二杯


夕方から広尾で会議。弁当はゆら川に配達を頼み,人数分のお茶を抱えて行く。

朝は気圧のせいか頭痛がおさまらず,薬を飲んでしばらく休む。午後から出社。雨も小降りになった。20時過ぎに終わり,渋谷駅まわりで休もうかと店を探す。結局,適当な店が見つからずに高田馬場まで行った。

新目白通り沿いにラーメン店がある。入る店,入る店,あまり続かない場所で,隣のセブンイレブンが撤退して,ワンルームのアパートになったようなところだ。ただし,通りを挟んだ向かいは大規模団地,線路を越えれば高田馬場へと続く道で,人の行き来がないとは思えない。

近くに越してきた20年前,ここには弁当屋が入っていて,ときどき利用した。あるとき,弁当のなかの料理が痛んでいたので苦情の連絡をした。対応は悪いものではなかったが,しばらくして閉店した。その後は,現在の店になるまで,何店からのラーメン屋が入れ替わった。

気になるのはチョイ呑みセットだ。アルコールに棒餃子,おつまみがついて1,000円。しかし,この店の前を通るのはほとんどが,高田馬場で飲んできた後だから,入るタイミングがなかった。
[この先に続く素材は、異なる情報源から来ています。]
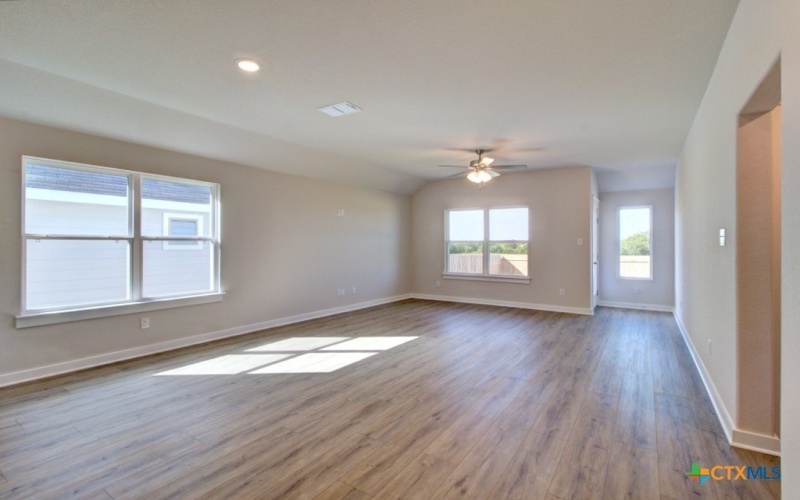 11152 Gaillardia Valley, Converse, TX 78109, 4 Habitaciones Habitaciones , ,2 BañosBaños,Residential,En Venta,11152 Gaillardia Valley,580815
高田馬場で店を探していると,そのまま新目白通りまで出てしまったので,ラーメン屋をめざした。

アルコールは生ビールにして,おつまみはたこわさ,しばらくすると棒餃子が出てきた。『海から来たサムライ』のクライマックス前を読みながらつまむ。塩辛いたこわさとビール,棒餃子のバランスがうまくとれず,残りそうなたこわさをエイヤと食べ,ビールを飲み干した。

トイレに行ってから,お勘定を払おうとすると,「あと一杯あります。二杯でこの値段です」。

アルコール二杯に棒餃子,つまみで1,000円だったとは。おそろしくコストパフォーマンスがいいじゃないか。池袋の大都会はビール三杯にマグロで1,000円だというけれど,それではこなしきれそうにない。

この店くらいがちょうどいい塩梅だ。ただ,すでにつまみも餃子も手元に残っていない。文庫本の続きを読みながら,冷えた生ビールを飲み干した。

再び高田馬場方面に戻り,ブックオフで数冊買って,同じ道を歩き,ラーメン屋の前を通り越して家に戻った。